# Did I Ruin The Water Pump



## MattFromPA (Aug 31, 2011)

Decided to sanitize the freshwater tank today. Filled it up bleach solution and let it sit for a few hours. Started the water pump from the monitor panel and no flow from the faucets. Cycled the pump off and on a few times and the went outside to investigate. Found a valve inline between the pump and the intake from the holding tank, that was in the off position. Turned the valve on and of course water pressure built up right away. Guess I'm concerned I've caused some harm and the pump will quit on me sometime because of what happened. I have a 21RS, new to me but a 2005. Obviously the pump is still working but running them dry is a no-no. After building up initial pressure the pump is very noisy when turning a faucet on. Not sure if that noise is the pump or a vibration in the plumbing. Thanks in advance for ideas.

Good news is we're taking it out this weekend, to a spot with full hookups so I won't be needing the pump right away.


----------



## CJ999 (Aug 11, 2005)

I left my water pump on for a few hours on the drive home one time a few years ago while the water tank was empty. I figured I'd probably fried it but it works fine to this day.... knock on wood.


----------



## CamperAndy (Aug 26, 2004)

Very unlikely that you did any damage but moving the hoses around could have placed them so they make contact to something that is now amplifying the noise the pump makes.


----------



## RDS (Jul 20, 2011)

MattFromPA said:


> Decided to sanitize the freshwater tank today. Filled it up bleach solution and let it sit for a few hours. Started the water pump from the monitor panel and no flow from the faucets. Cycled the pump off and on a few times and the went outside to investigate. Found a valve inline between the pump and the intake from the holding tank, that was in the off position. Turned the valve on and of course water pressure built up right away. Guess I'm concerned I've caused some harm and the pump will quit on me sometime because of what happened. I have a 21RS, new to me but a 2005. Obviously the pump is still working but running them dry is a no-no. After building up initial pressure the pump is very noisy when turning a faucet on. Not sure if that noise is the pump or a vibration in the plumbing. Thanks in advance for ideas.
> 
> Good news is we're taking it out this weekend, to a spot with full hookups so I won't be needing the pump right away.

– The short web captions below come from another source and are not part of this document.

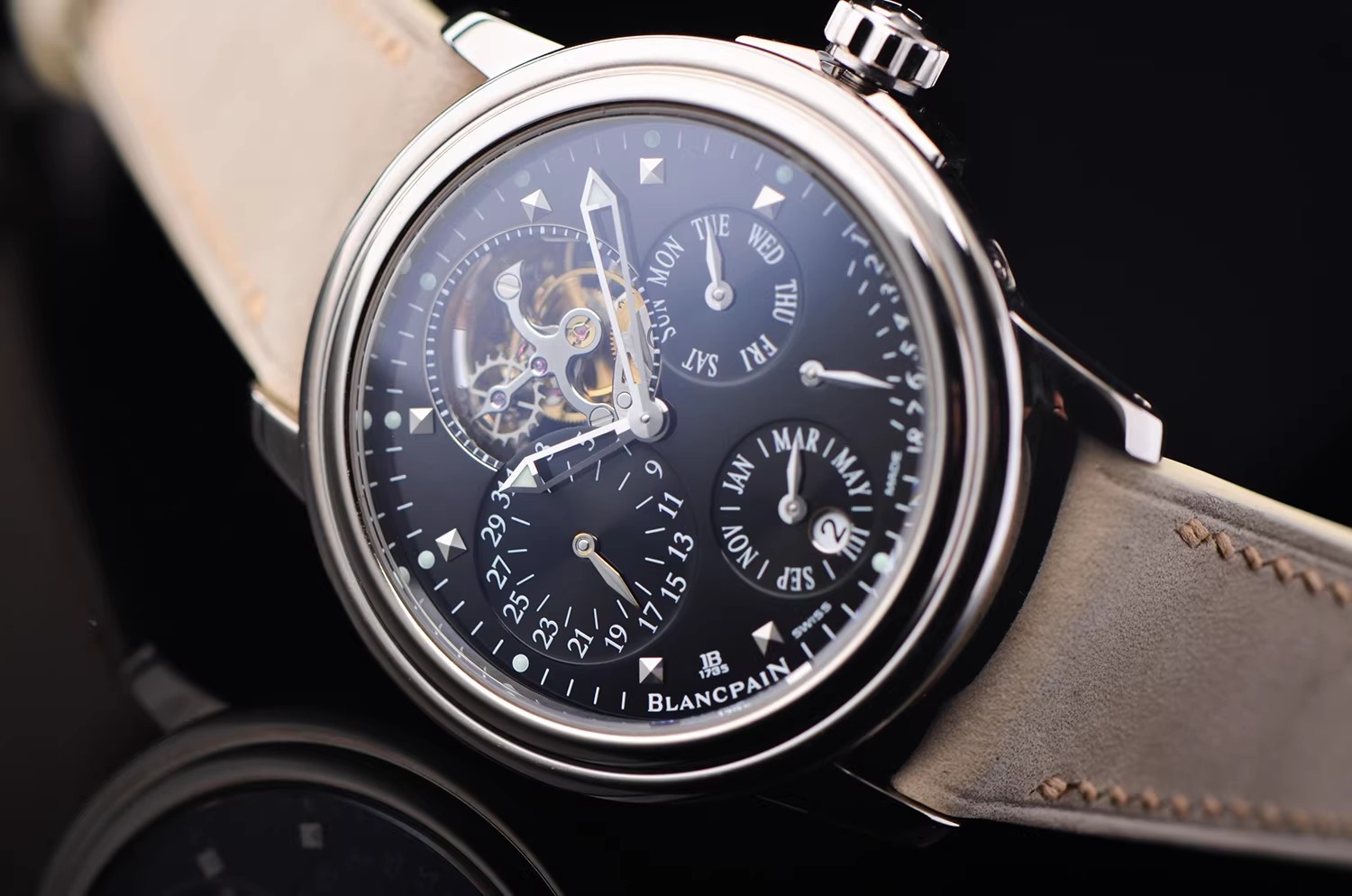 已售出【98新】宝珀莱芒湖白金万年历陀飞轮自动皮带男表2625-1527A-53B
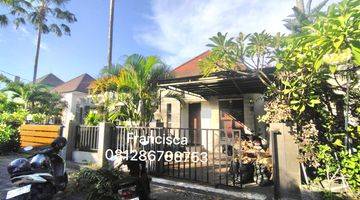 Gambar 1  DISEWAKAN Rumah Furnished di Perumahan di Jimbaran, Bali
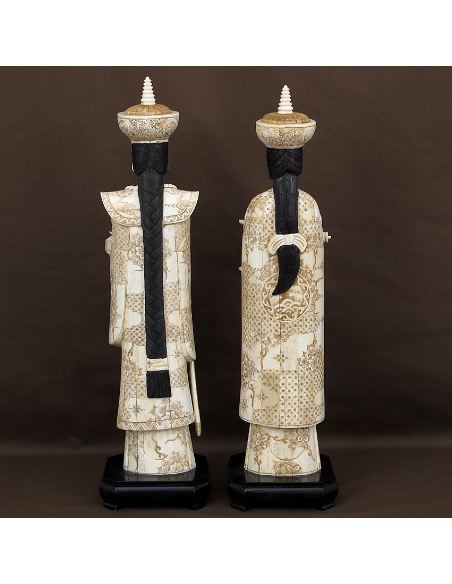 Figura de Hueso. Emperador & Emperatriz de pie 066cm con peana
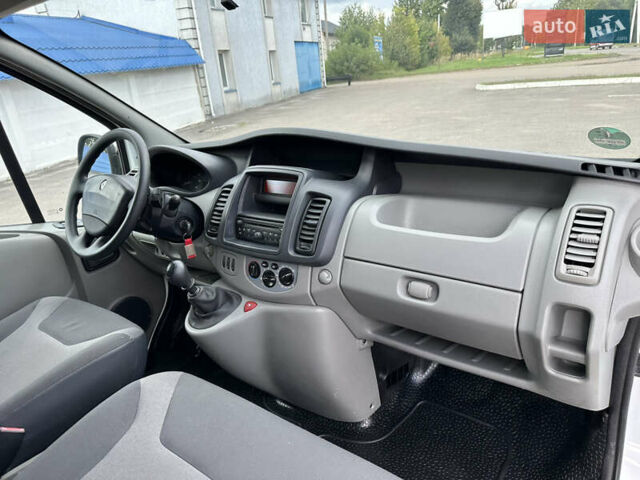 Белый Рено Трафик, объемом двигателя 2 л и пробегом 253 тыс. км за 10700 $, фото 36 на Automoto.ua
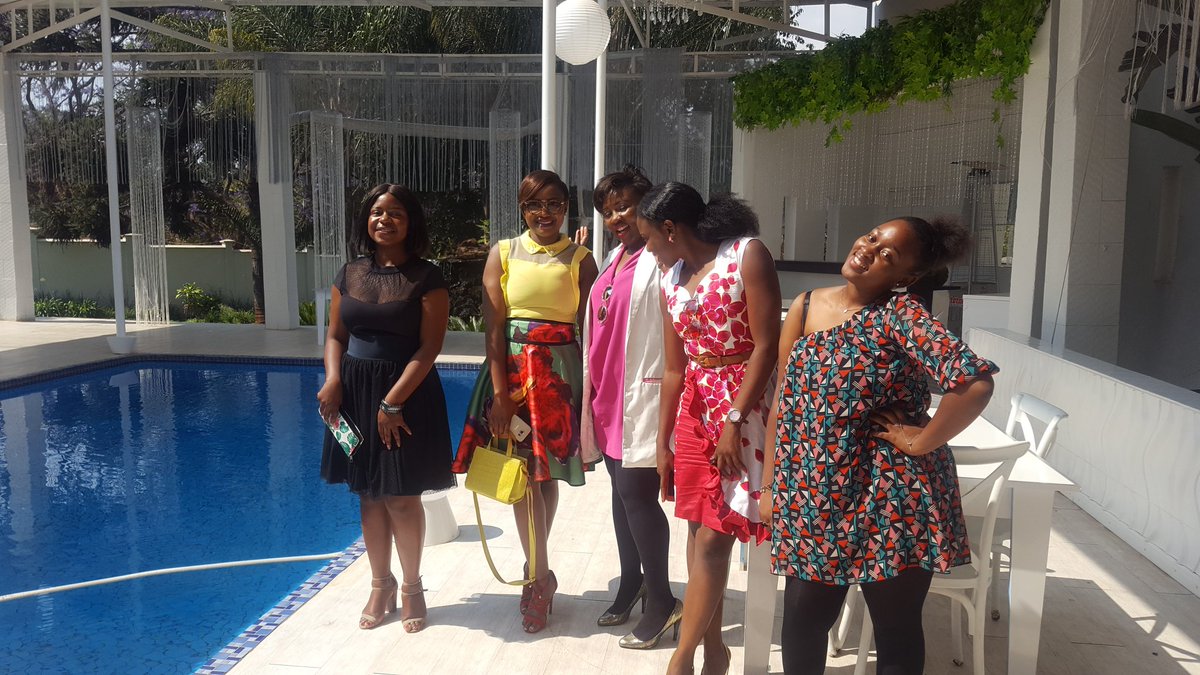 kofikween's tweet image. The inner circle 
Ladies building bridges 
#lifestyleblogger #persuasioninczw #saturday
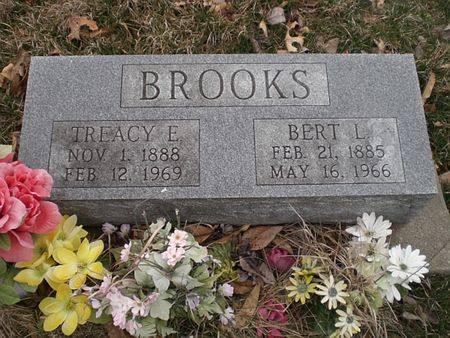 ROSS BROOKS, TREACY E. - Wapello County, Iowa | TREACY E. ROSS BROOKS 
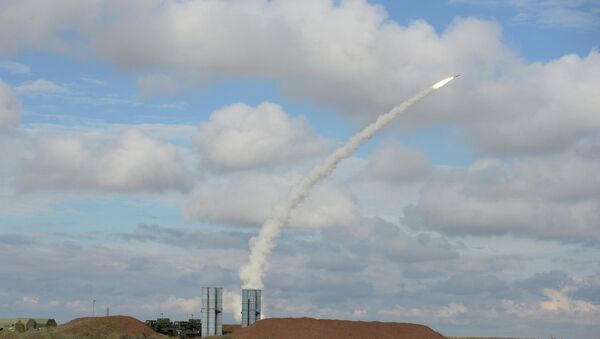 Sistema S-300 lança míssel - Sputnik Brasil
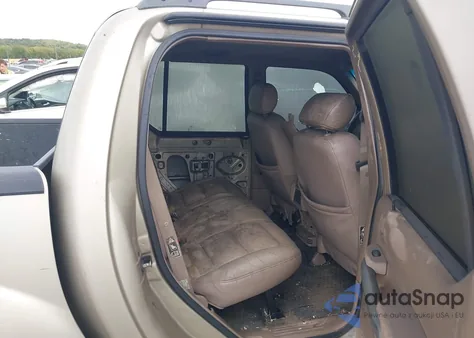 2001 Ford Explorer Sport Trac z USA, uszkodzony, nr VIN 1FMZU67E81UC04390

I have a 04 21rs and it too was very noisey. I installed a small accumulator with flexible line to and from the pump now you can barely tell it's on.

Good luck with the new TT


----------



## Lmbevard (Mar 18, 2006)

For some reason, rather it that some air get caught in the pump or something else, our pump will be super noisy and at other times not as much. These type of pumps are designed to run dry without problems as long as it's not for hours at time







. There are ways to quiet it down or if you want to replace it, for a hundred more than the cheapest pumps you can get a variable speed one that is super quiet.


----------